There are many reports by researchers that have used music therapy with individuals with autism [Simpson, et al. (2005) Autism Spectrum Disorders: Interventions and Treatments for Children and Youth. Corwin Press, Thousand Oaks, California]. The researchers have reported significant changes in:
·         Interaction skills
·         Expressive Skills
·         Nonverbal communication
·         Behavior, and
·         Community-based skills
Music Therapy is classified as a practice for which there is limited supporting information. This is not an indication that the method is necessarily without merit; rather,an indication that the evidence is lacking to make an objective, scientific judgment.

GIVES in Music Therapy

Music therapy is a systematic intervention process in which therapists use various forms of the music experience to establish good circumstances for the help-receivers then target an adjustment of their life state so as to help them recuperate. 



The rich connotation and diversity of music inspired GIVES to mobilize this medium as a therapeutic treatment for helping children with autism. By the treatment utilizes various forms of music activities--including listening, singing, playing, and rhythm-- to stimulate and relax the child’s body so as to improve the his or her psychological health. In the guidance of a certified and skilled music therapist, the treatment provides a unique experience for autistic children. At the same time, their habits, personality and behavior can be better understood and their special expertise and interest explored. Music therapy is being considered a more-receptive and comprehensive treatment. 



Our philosophy
GIVES believes in thetherapeutic impact of music and its appreciation.GIVES is committed to joining musical talents and resources to reach out to many people in need who can benefit from this therapy.

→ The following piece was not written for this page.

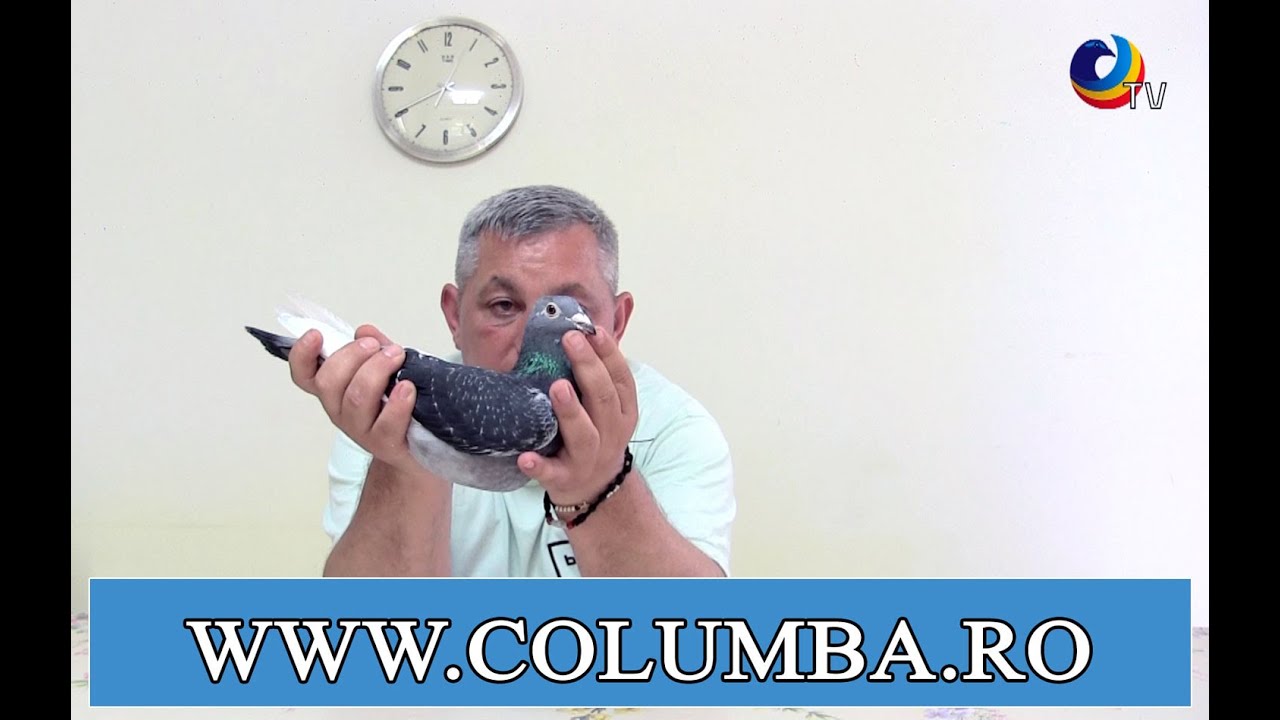 Frații Sîrghi, un tandem de elită al județului Vrancea (II)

GIVES Supports Music Therapy

Future plans for research and development
Objective evidence of the results of music therapy would be of value to music therapists as well as to those making decisions regarding interventions and treatment for individuals with autism. It is suggested that evaluative studies be conducted, to include: defining and operationalizing target behaviors related to music intervention with subsequent measurement of the behavioral effects. While it is difficult to identify a control group, a control partner might be identified who would be engaged in another therapy for the same time period, or the individual might serve as his/her own control. In the future,such studies might be possible.